(INPUT DATA begins)
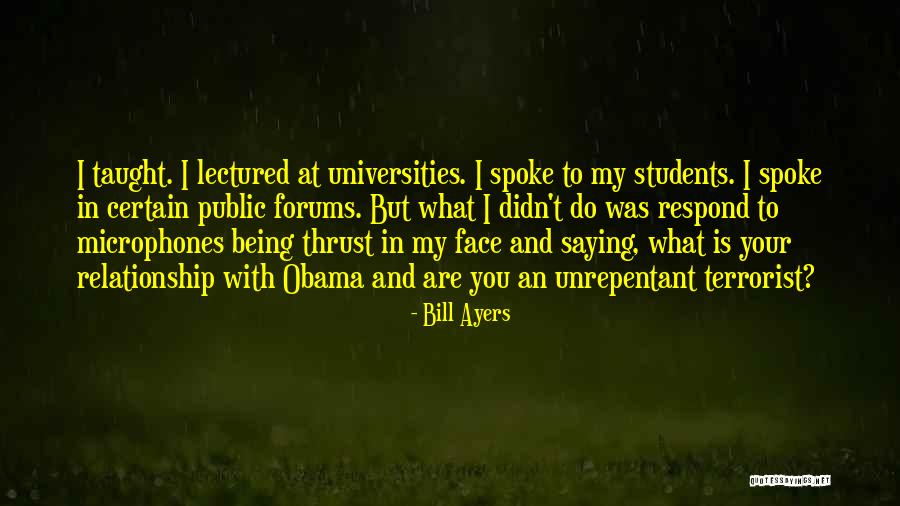 Bill Ayers Quotes 746915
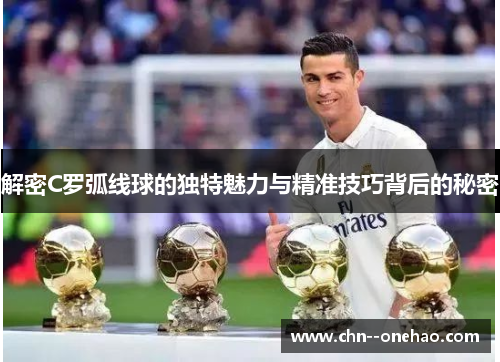 解密C罗弧线球的独特魅力与精准技巧背后的秘密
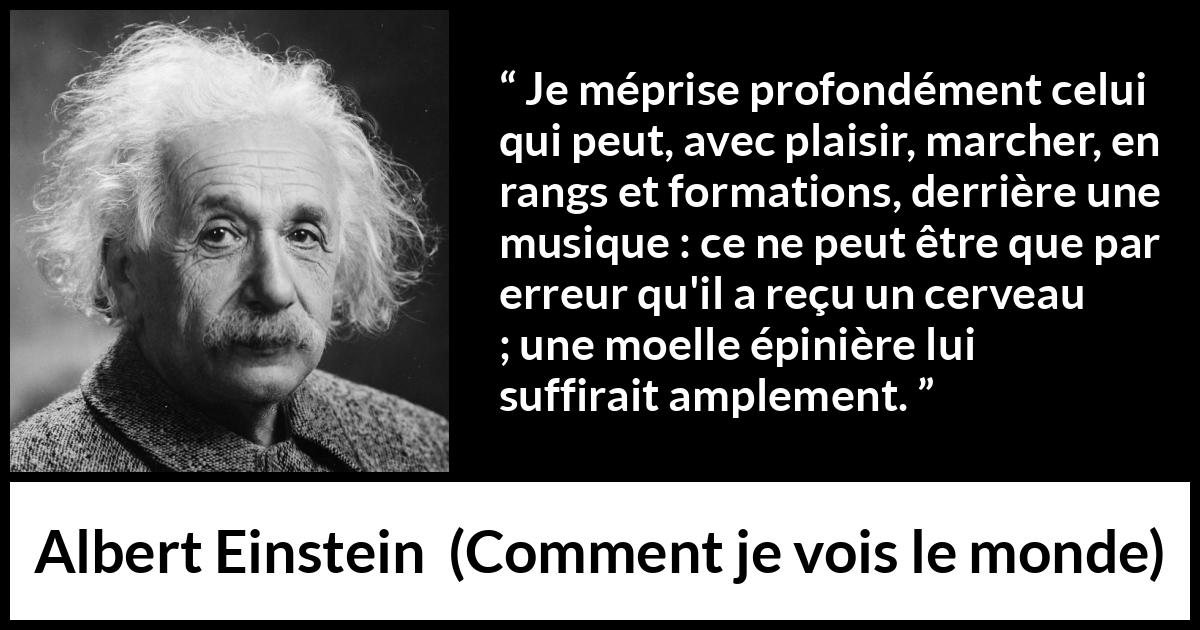 Citation d'Albert Einstein sur la stupidité tirée de Comment je vois le monde - Je méprise profondément celui qui peut, avec plaisir, marcher, en rangs et formations, derrière une musique : ce ne peut être que par erreur qu'il a reçu un cerveau ; une moelle épinière lui suffirait amplement.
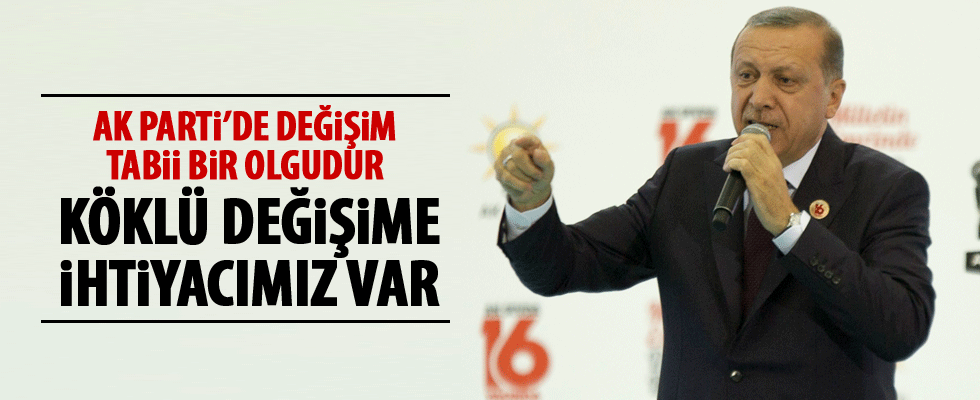 Erdoğan'dan köklü değişim sinyali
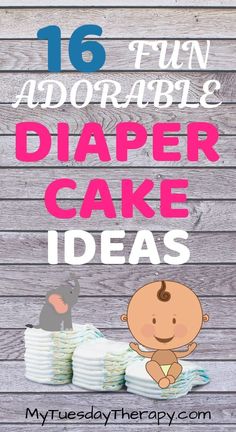 diaper cake with the words 16 fun and adorable diaper cake ideas on it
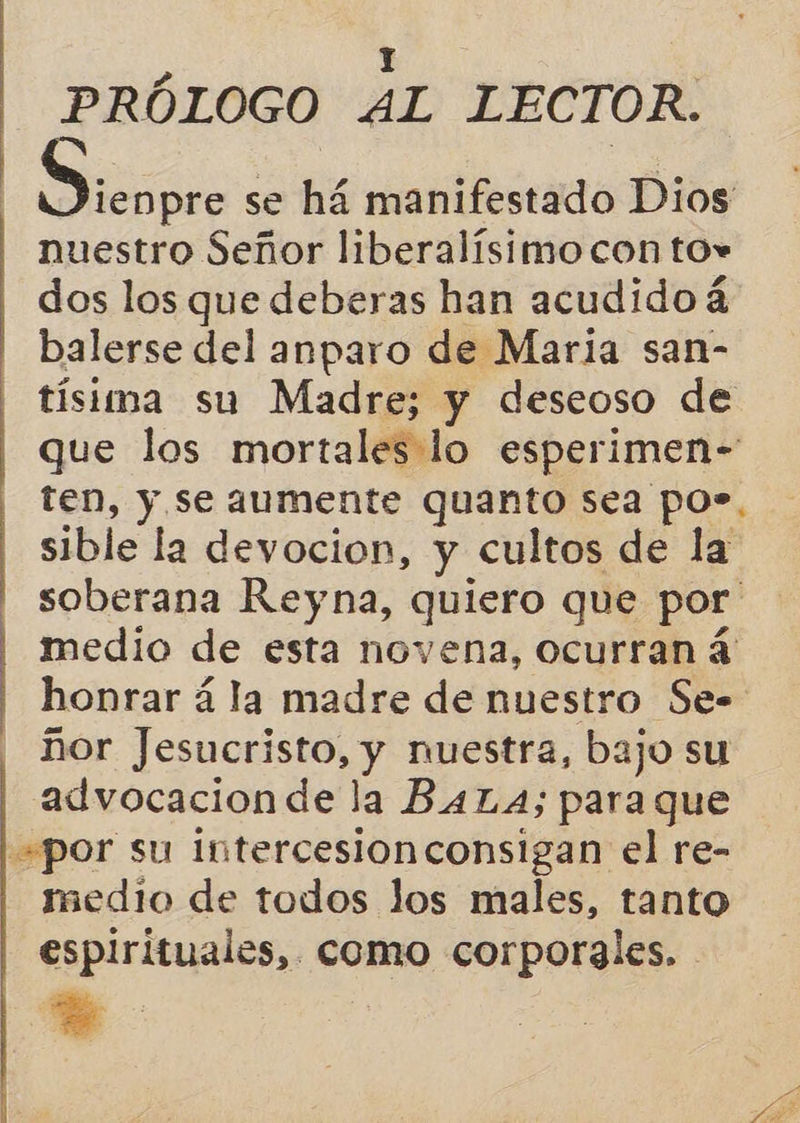  PRÓLOGO AL LECTOR. nuestro Señor liberalísimo con to* dos los que deberas han acudidoá balerse del anparo de Maria san- tísima su Madre; y deseoso de ten, y se aumente quanto sea po». sible la devocion, y cultos de la soberana Reyna, quiero que por medio de esta novena, ocurran á ñor Jesucristo, y nuestra, bajo su advocacionde la BALA; para que por su intercesionconsigan el re- medio de todos Jos males, tanto espirituales, como corporales. - *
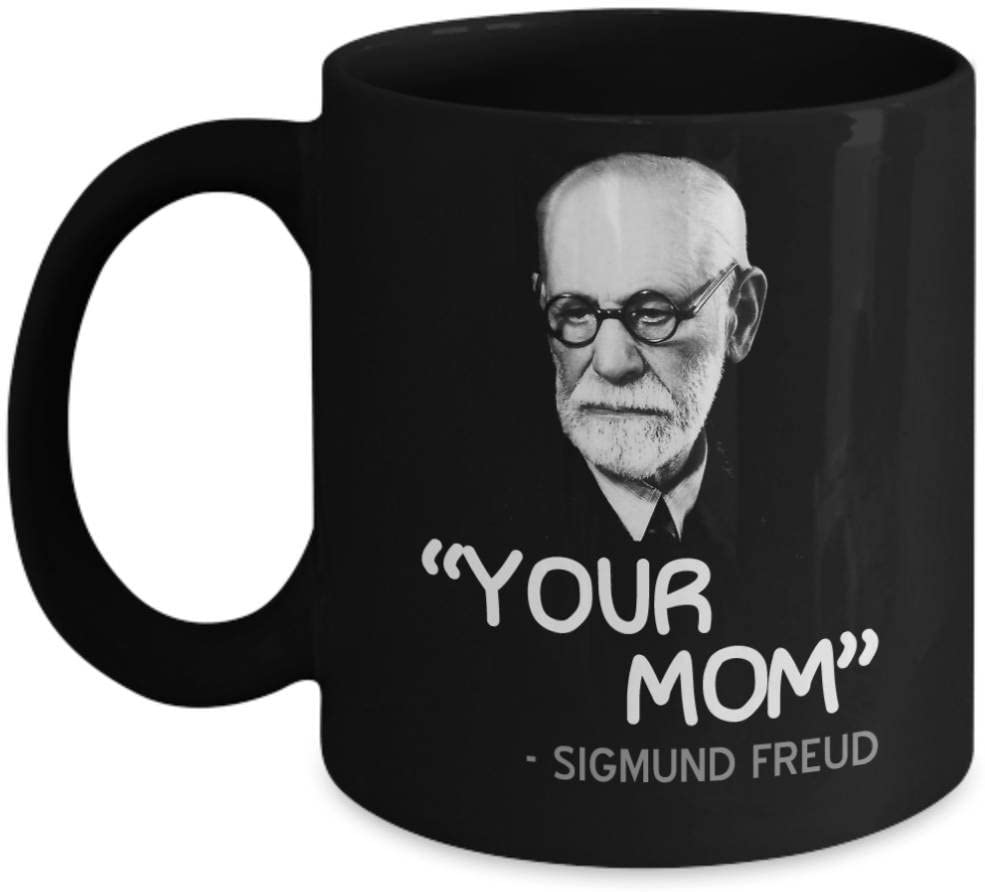 psychologist-mug-your-mom-sigmund-freud-funny-psychology-gifts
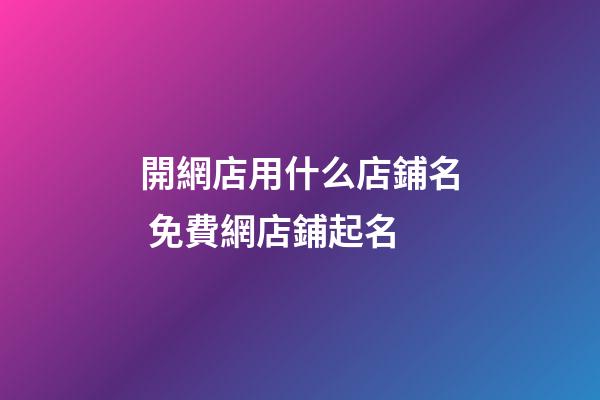 開網店用什么店鋪名 免費網店鋪起名-第1張-店鋪起名-玄機派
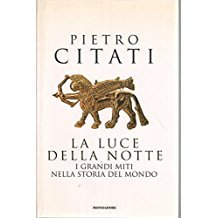 La luce della notte - I grandi miti nella storia del mondo - copertina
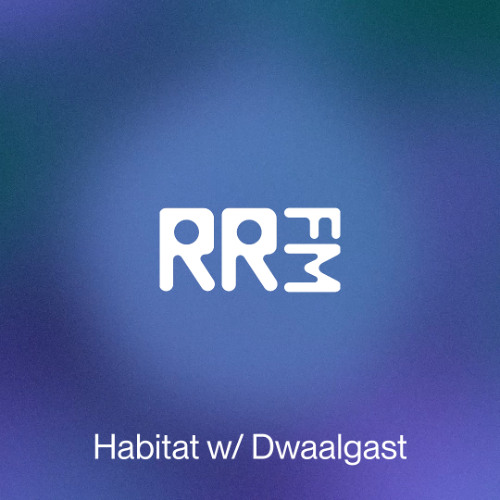 RRFM • Habitat w/ Dwaalgast  • 06-11-2025
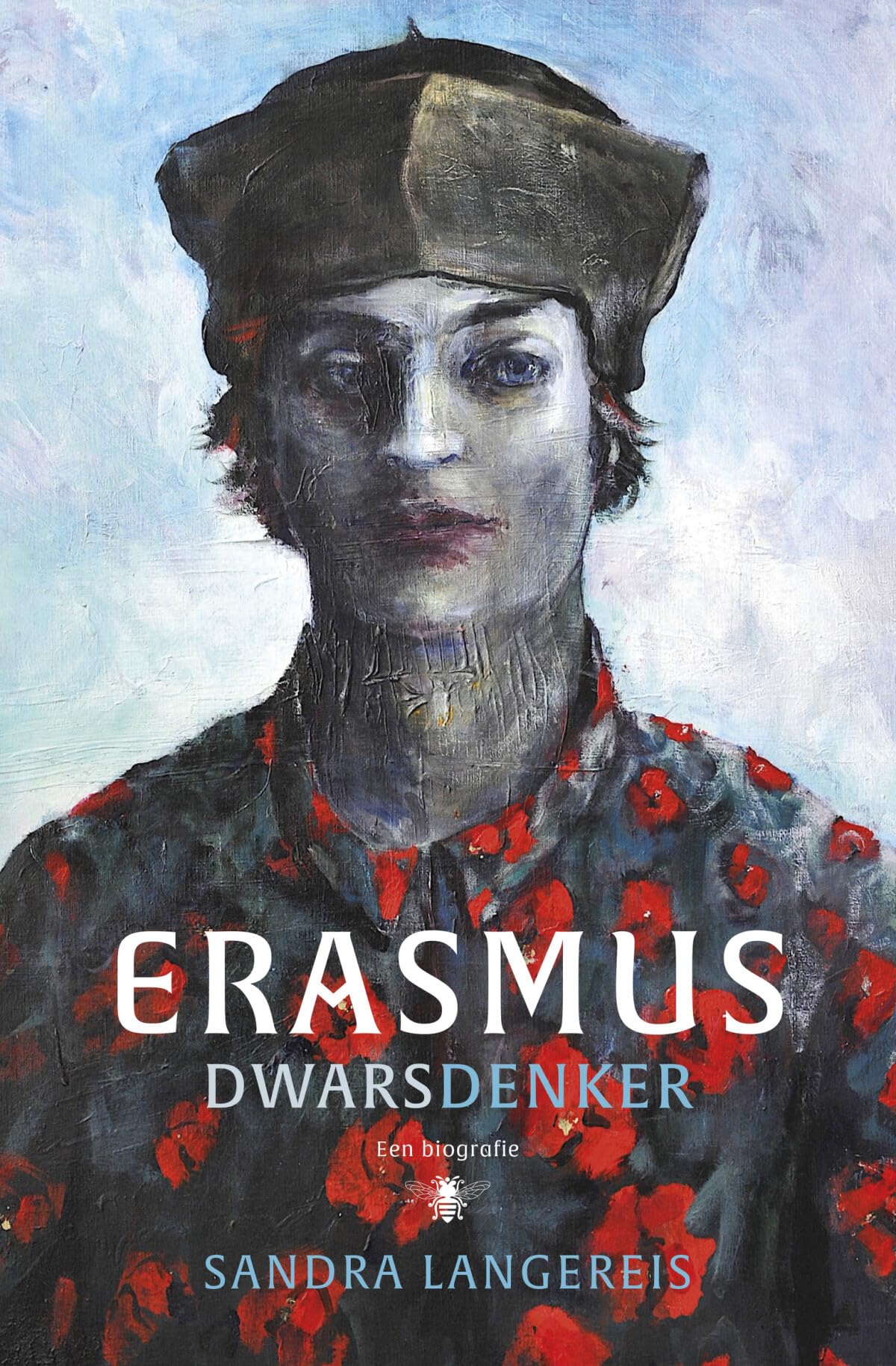 Erasmus: dwarsdenker : een biografie Memories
(INPUT DATA ends)
Omit every image. Quote each record exactly.

#### [SOLUTION]
 Bill Ayers Quotes 746915
 解密C罗弧线球的独特魅力与精准技巧背后的秘密
 Citation d'Albert Einstein sur la stupidité tirée de Comment je vois le monde - Je méprise profondément celui qui peut, avec plaisir, marcher, en rangs et formations, derrière une musique : ce ne peut être que par erreur qu'il a reçu un cerveau ; une moelle épinière lui suffirait amplement.
 Erdoğan'dan köklü değişim sinyali
 diaper cake with the words 16 fun and adorable diaper cake ideas on it
  PRÓLOGO AL LECTOR. nuestro Señor liberalísimo con to* dos los que deberas han acudidoá balerse del anparo de Maria san- tísima su Madre; y deseoso de ten, y se aumente quanto sea po». sible la devocion, y cultos de la soberana Reyna, quiero que por medio de esta novena, ocurran á ñor Jesucristo, y nuestra, bajo su advocacionde la BALA; para que por su intercesionconsigan el re- medio de todos Jos males, tanto espirituales, como corporales. - *
 psychologist-mug-your-mom-sigmund-freud-funny-psychology-gifts
 開網店用什么店鋪名 免費網店鋪起名-第1張-店鋪起名-玄機派
 La luce della notte - I grandi miti nella storia del mondo - copertina
 RRFM • Habitat w/ Dwaalgast  • 06-11-2025
 Erasmus: dwarsdenker : een biografie Memories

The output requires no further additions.